Up until 2020, Butler notes that disposable income was on the rise per capita, resulting in more consumers trading up to premium coffee products.

“As a result, over much of the past five years, there has been a growing niche within the coffee market that revolves around artisanal, high-quality and usually ethically sourced coffee beans,” she says. “Single-origin coffee is becoming increasingly popular in the premium coffee market due to its simple and transparent supply chain.

“Premium monthly coffee subscriptions have been increasing in popularity and have the potential to capitalize on the lasting stay-at-home orders during the pandemic,” Butler continues. “The economic fallout from the pandemic will likely only slightly slow this market as households with higher incomes, which make up the largest share of the premium coffee market, are expected to be less immediately impacted by the fallout than other households.”

Matt Barry, consultant for Chicago-based Euromonitor International, notes that premiumization trends in coffee have supported the growth of sub-segments such as cold-brew coffee.

“As with many other soft drinks categories and the hot coffee category, the premiumization trend has gripped RTD coffee,” he says. “Sugar and cream are slowly being phased out in favor of cold-brew offerings. RTD coffee is becoming less of an indulgence and more of a clean-label energy beverage. The stripped-back ingredients mean that the taste and quality of the coffee itself has become one of the top priorities for newer brands and consumers.”

Barry also notes the prominence that sustainability has gained in the premium coffee market.

“Another premiumization driver are sustainability claims, as consumers are willing to pay more for a product that is organic, ethically sourced, or non-GMO,” he says. “Clean-labels and high quality will allow RTD coffee to grow in volume and also keep up in terms of value growth through higher unit prices.”

Crossing the line

Like many beverage categories, the coffee market has experienced the rise of hybrid beverages. This also is contributing to the fortification of coffee drinks with a more functional purpose.

“Coffee has the advantage of being an inherently natural product, leaving it open to other ingredient and function innovation that can further drive consumer interest,” Barry says. “Small brands have already begun moving into the space. New RTD offerings continue to blur category lines with products ranging from light sparkling coffees to coffees blended with fruit juice.

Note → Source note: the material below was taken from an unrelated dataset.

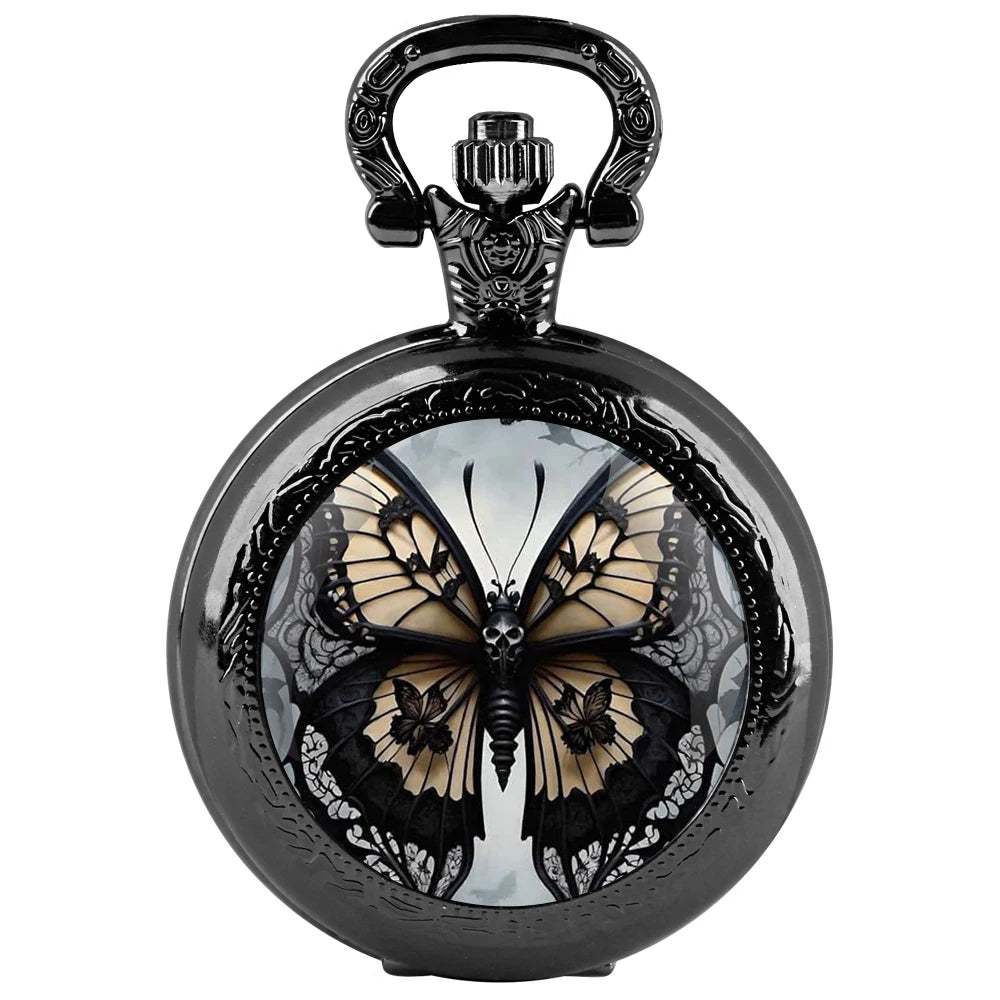 Steampunk Gothic Butterfly Pocket Watch refined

“Brands are also incorporating many emerging functionality trends such as CBD, mushrooms, and protein,” he continues. “Innovation is often most evident within rising categories, giving brands ample opportunity to stand out and continue exploring what drives consumer interest.”

IBISWorld’s Butler notes that health-conscious trends have contributed to growing demand for dairy-free RTD coffee, while keto diets have resulted in new RTD lattes that align with that lifestyle.

Another opportunity for RTD coffee could be appealing to the energy drink crowd.

“The coffee market has a growing consumer base of people looking to switch from energy drinks to coffee beverages in an effort to ditch the high-calorie and sugar content in traditional energy drinks,” Butler explains. “In response, the coffee market has seen a growing trend in espresso-based drinks and products, as an attempt to meet the demand for a strong dose of caffeine.”

But no matter what coffee’s  driving trends will be, Butler expects that RTD will continue to develop innovative products for the needs of today’s consumers.

“The RTD coffee market will likely continue on its path of innovation and development as more consumers opt for the convenience and added health benefits of this segment,” she says. “The growing population of young adults and youth will likely sustain the RTD coffee segment over the next five years, and potentially take away from other coffee segments like instant coffee. Nonetheless, it is clear the coffee market is well established in the U.S. and has grown to encompass a vast portfolio that appeals to nearly all demographics and tastes.”